A July Weekend in Paris

Lanvin shop model at Musée Carnavalet

Lanvin shop model at Musée Carnavalet

I went to Paris last weekend with my mum and little sister, a lovely treat from my mum! I’d only been once before and that was for a couple of nights in February (yes for Valentine’s Day, with an ex), it was freezing and we spent one day in Disneyland making time to see the city very limited. So in many ways this felt like my first real experience of Paris, and I loved it.

We were staying on the edge of the business district, La Defense. We had a really good value hotel and were able to get the metro into the city each day. We didn’t go with much of a plan, I’d done the Eiffel Tower and The Louvre before but I had some shops I wanted to find and I was keen to do a gallery of some sort. We saw all the sites and ended up doing much more than I expected. We walked a lot!

Some of what we did:

• We went to the Musee Marmottan Monet, a small museum full of Monet and other impressionists. I love Monet, I remember studying him for months for my A-level art coursework, so it was wonderful to see some of his paintings up close. I love his prints but I went for the cheap option, I bought a pretty postcard and then back home bought an old photo frame from a charity shop for less than £1.

• The only thing my little sister couldn’t leave without seeing was Jim Morrison’s grave in the Père Lachaise Cemetery on the edge of Paris. If, like me, you’re not rock ‘n roll enough to know Morrison’s biography, he was lead singer of The Doors and died in Paris in 1971 aged 27. Going to the cemetery was definitely a highlight of my trip. I’ve always found cemeteries interesting anyway, but this one was unlike any I’ve ever seen. It was full of huge tombstones and little chapel buildings almost. Oscar Wilde was there too, he had an odd Egyptian looking monument in his memory.

Jim Morrison's grave was tiny compared to others around it

Jim Morrison’s grave was tiny compared to others around it

• We nosed around the shops. I wanted to find Merci which had been heralded by Time Out as a cool shop full of clothing, jewellery, homeware, books and ethical bits and pieces. Well worth a visit, it had a cafe area too. Lots of things I could have bought but I managed to restrain myself.

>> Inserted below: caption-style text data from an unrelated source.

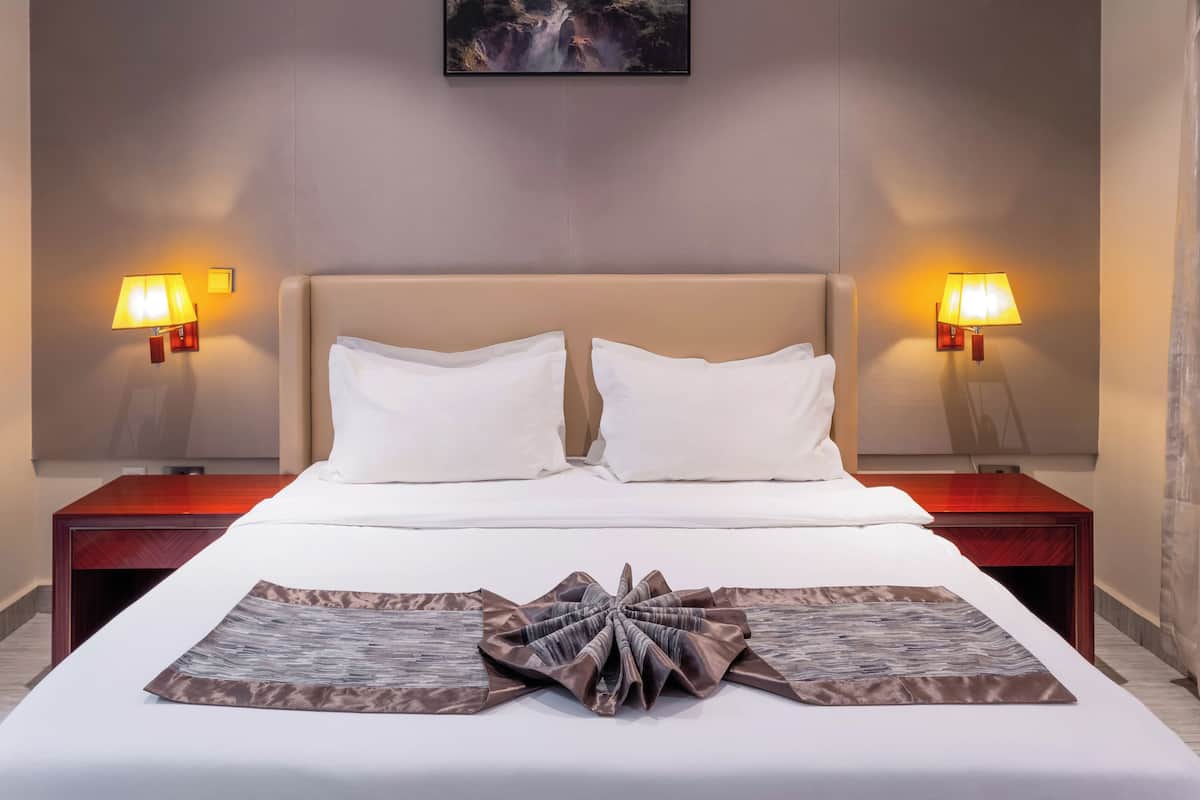 Odada kasa, ses yalıtımı, ücretsiz kablosuz İnternet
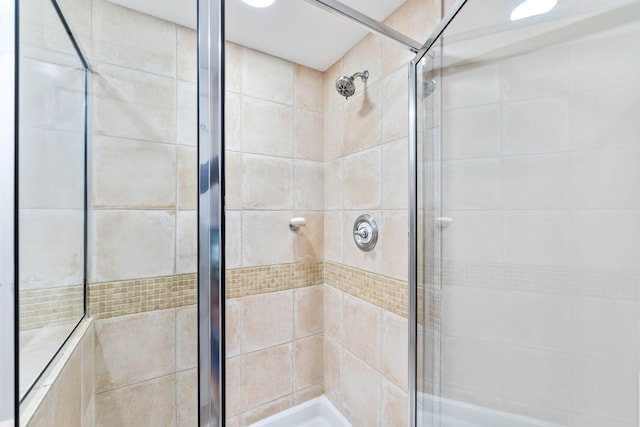 bathroom featuring a tile shower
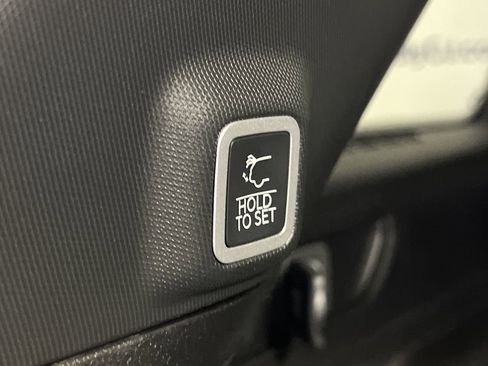 New 2025 Jeep Grand Cherokee Laredo w/ Luxury Tech Group I image 9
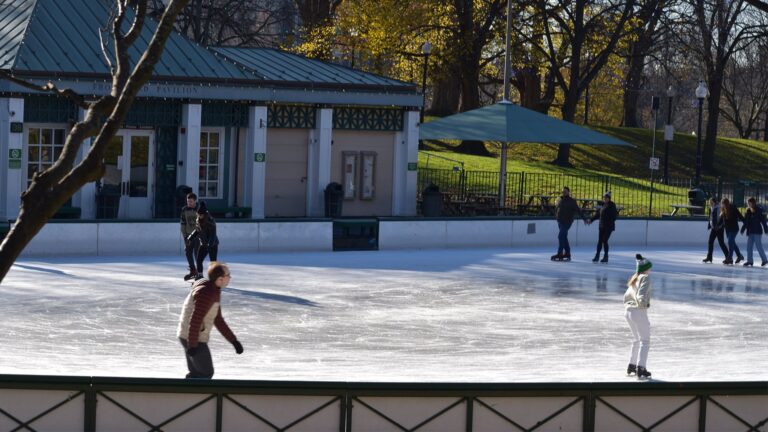 A desempolvar los patines: Frog Pond abre su pista de hielo
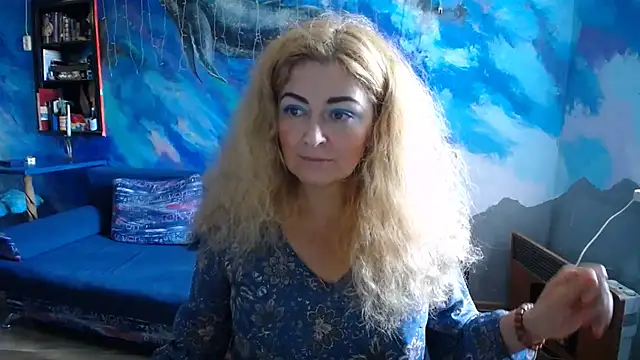 Snapshot of Helen1974 chatting on 09/10/25, 07:41 Helen1974 online show from 09/10/25, 07:41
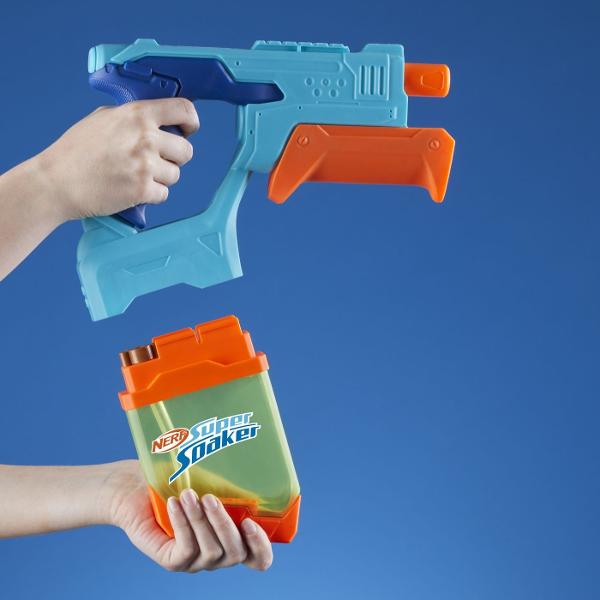 Setul Nerf Super Soaker Dunk-Fill include 2 blastere cu rezervoare cu umplere instantanee astfel incat esti gata sa te lansezi pe suvoaie de distractie Designul inovator al rezervorului permite umplere super rapida pur si simplu scufunda-l si da drumul distractiei Nimic complicat doar scufunda rezervoarele in apa si priveste cum se umplu rapid Fiecare rezervor transparent are capacitate de 300 ml Scufunda fiecare rezervor in apa si esti gata pentru jocuri cu apa in aer liber intr-o clipa 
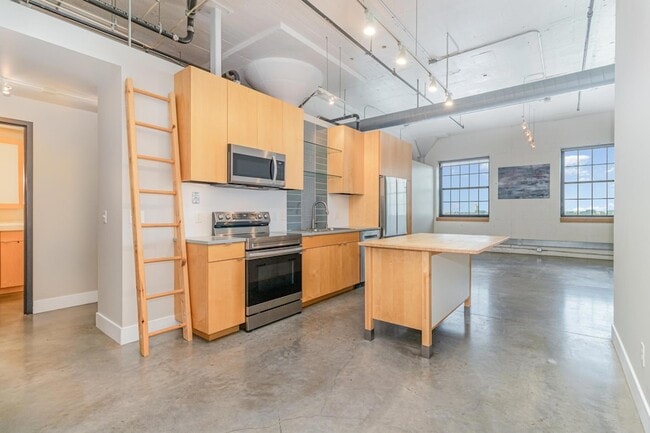 Building Photo - 730 Stinson Blvd NE Rental
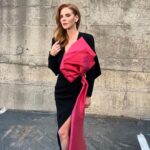 Sarah Rafferty Instagram - Sending love, thanks and credit, oh so so much credit, where credit is due. ❤️🙏🏻🙌🏻 @galialahav and team, Sharon, Lynn, Yael. 🥰 @idoraphaelmakeup @etay_shay @padaniofficial And special thanks to #AlbertBourla for sharing his special evening with me and my family.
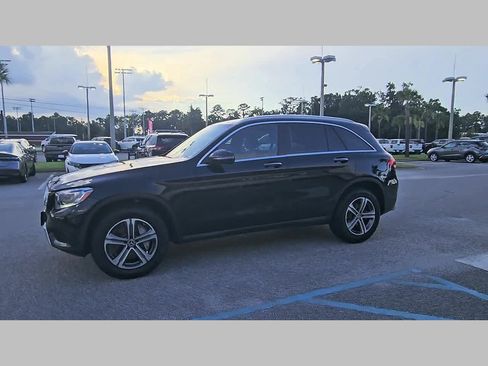 Used 2019 Mercedes-Benz GLC 300 4MATIC image 27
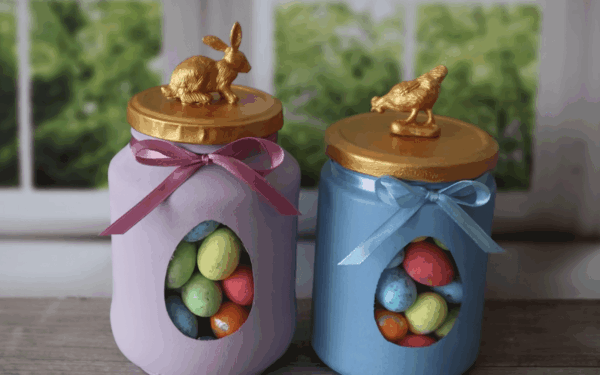 Šis triukas prikels senus stiklainius: pigiai susikursite velykinę dekoraciją namuose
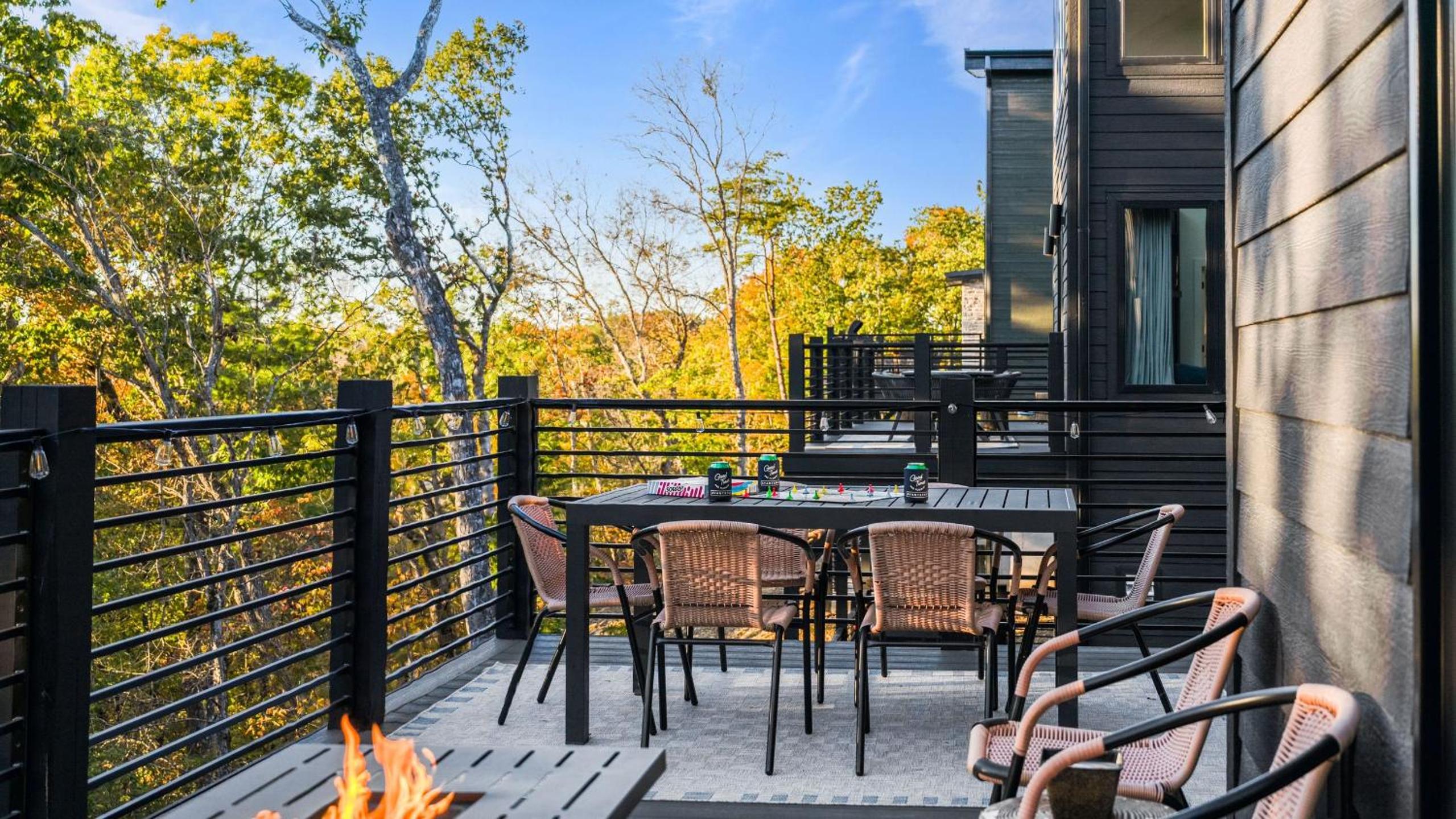 Indoor Pool Hot Tub Firepit Gym Mtn Views Ridgeview Retreat by AvantStay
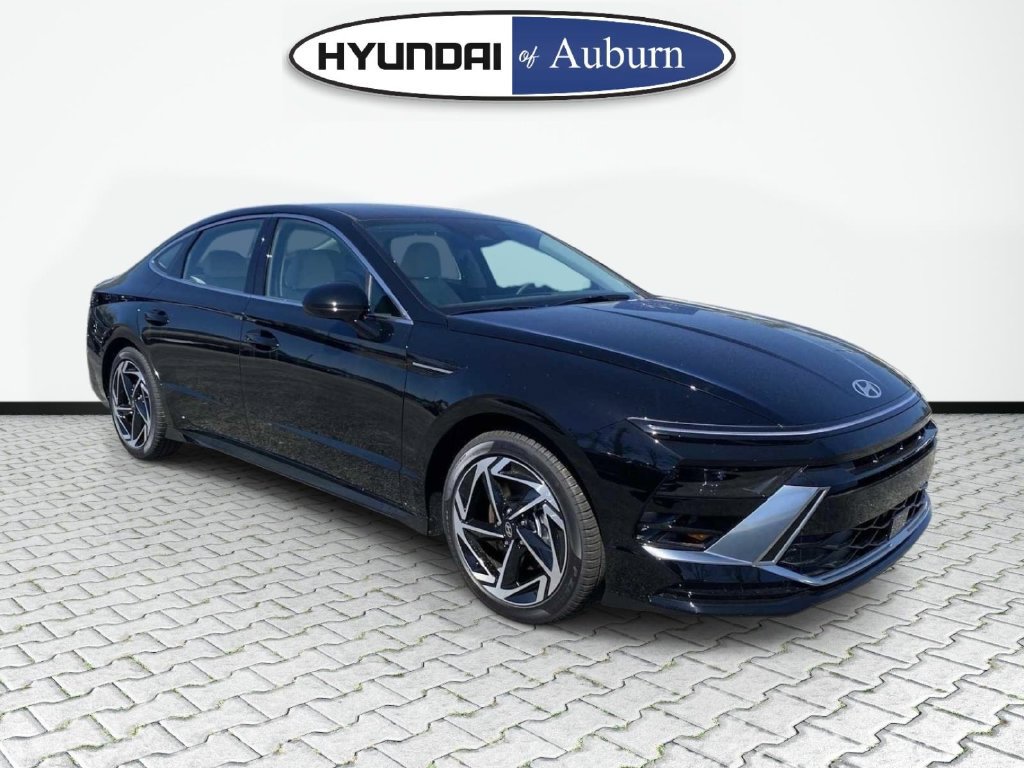 New 2026 Hyundai Sonata SEL FWD image 2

The entrance to Merci from above, it's tucked away down a side alley

The entrance to Merci from above, it’s tucked away down a side alley

• We had the most amazing hot chocolate at Angelina’s tearooms. Housed opposite the Louvre, Angelina’s was founded in 1903 as a patisserie and tearooms in a beautiful old building. The hot chocolate tasted just like melted chocolate, with a pot of cream on the side. The management probably won’t be happy with me for sharing this but we were visited by three little mice while we sat at our table. They ran out from the skirting board looking for crumbs. We found it quite entering and oh-so very French.